As I've mentioned before, we are deep in the finishing phases of our latest script. After being screenwriters for years we're obviously used to this, but as a food blogger for only the last two years, I'm not. You see, some strange stuff goes on around here when we're in finishing mode. We spend longer hours in our office. I don't cook any big fancy dinners for 8. I do what anyone else under work pressure does, I rely on easy to fix old standby meals, things that are easy to make ahead and keep on hand. I also get bored with that pretty damn fast and go looking around to see what kind of food trouble I can get into. I only have a couple of rules for this adventuring. It has to be easy, I have to have the stuff on hand, it has to seem like fun and it must be something I've never tried before.
This is the time when I want to make marshmallows or grow my own mushrooms, or mix up cupcakes in a coffee mug and bake them in the microwave.

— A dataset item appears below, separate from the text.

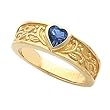 14K Yellow Gold Iolite Heart Ring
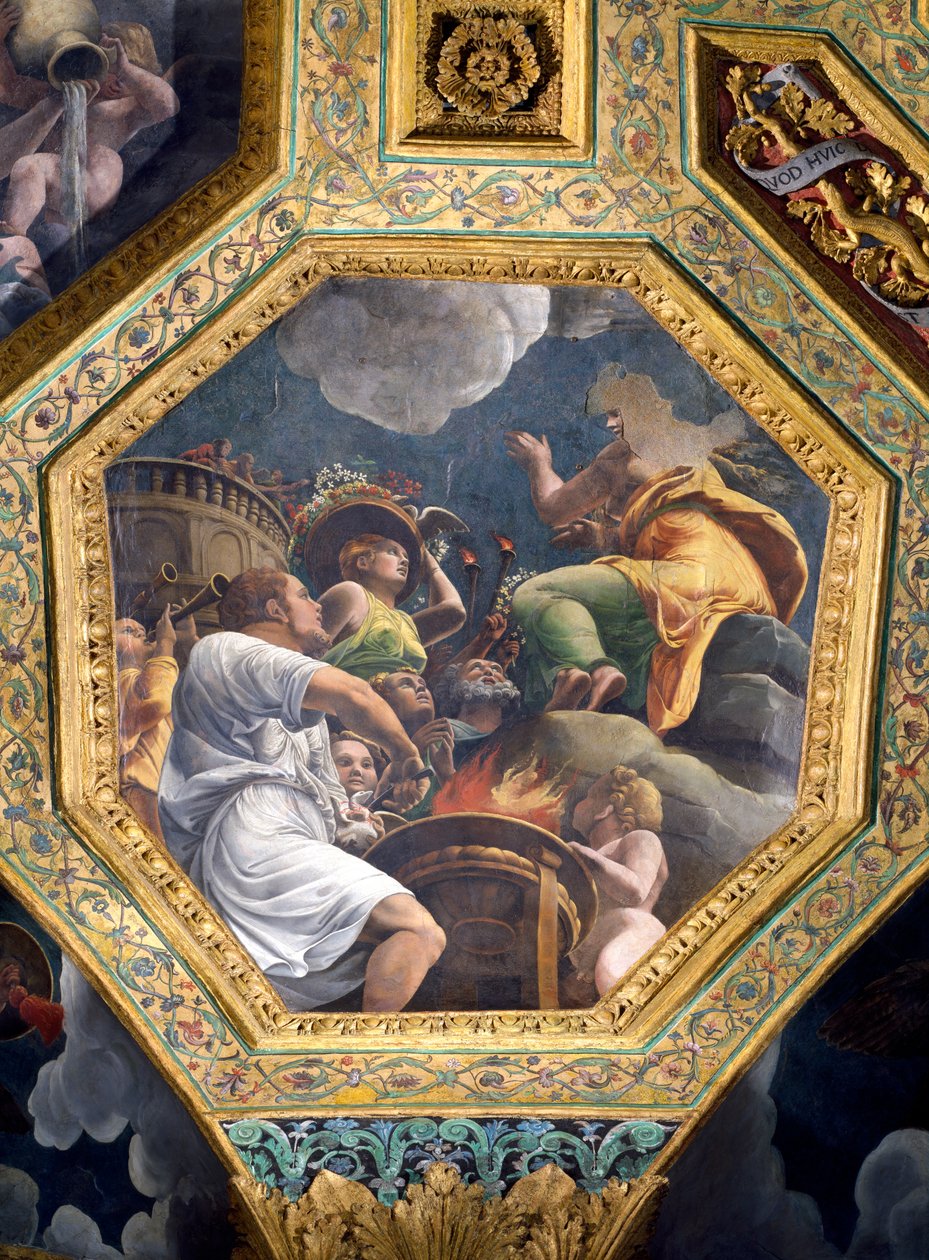 Scene of the Sacrifice of a Dove, Ceiling Caisson from the Sala di Amore e Psiche by Giulio Romano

Like this.
And yeah, it tasted about as good as it looks. You see what I mean. I am looking for a challenge and I want it to turn out a hell of a lot better than that cupcake in a coffee mug thingy. Whatever project I undertake has to take minimum effort (in other words, easy) and have a maximum success rate (it'd better taste good when I'm done). I was stuck and puzzled and then I stumbled across a new post from my friend Prerna at Indian Simmer. She'd written a delightfully intriguing post about pickling peppers. I was hooked. She had me at pickle.
I am crazy for anything I can jar, salt, pickle, cure or preserve. The idea of making traditional Indian pickled peppers was exactly the experiment I was looking for. It met all my criteria. It was easy, doable and I had all the stuff. Well almost all the stuff. As it turned out I was missing the pickle part.
After a flurry or tweets where I sent Prerna a few Instagrams of the wrong sort of peppers to pickle, she offered to send me some of the right sort of pickles. How could I refuse such generosity?! Sure enough a few days later a lovely bag of what turned out to be Fresno Peppers arrived at my door. I took them out of their bag and as she instructed, cut the heads off them and set them out doors in the Sonoma heat for the day to dry out a wrinkle a bit.
Indian Pickled Peppers
Here's what to do:
Cut the tops off of 45 or 50 Fresno Peppers.
Set them outside in the sun for 5 hrs or in a warm 170 degree oven to dry out and wrinkle a bit.
Wash out the jar or jars you will be using for canning the peppers. Let them air dry.
Remove the seeds from the interior. You may want to wear gloves while doing this as these peppers are hot stuff.
In a skillet dry roast :
1 tsp of cumin seeds
2 tsp of fenugreek seeds
1 tsp of nigella seeds
Roast them over a medium heat until they become fragrant. Take the spices off the heat and let them cool.
Place the dry, roasted spices in a spice grinder or processor along with:
4 Tbs of fennel seeds
4 Tbs of coriander seeds
4 Tbs of mustard seeds
4 Tbs of amchur powder (dried mango powder)
11 and 1/2 Tbs of Kosher salt
Grind all the spices together in a spice grinder or blender along with 1/2 cup of mustard oil.
Mix everything together until you have a thick paste.
Stuff the paste into the empty chili peppers.
Rotate the jar everyday to move the oil around the peppers. Store the jar in a cool dry place for at least a month before enjoying the peppers. Prerna told me that these peppers are going to be hot, hot, hot after a month of curing. I can't wait to try them. Easy, fast and hot. Who could ask for more?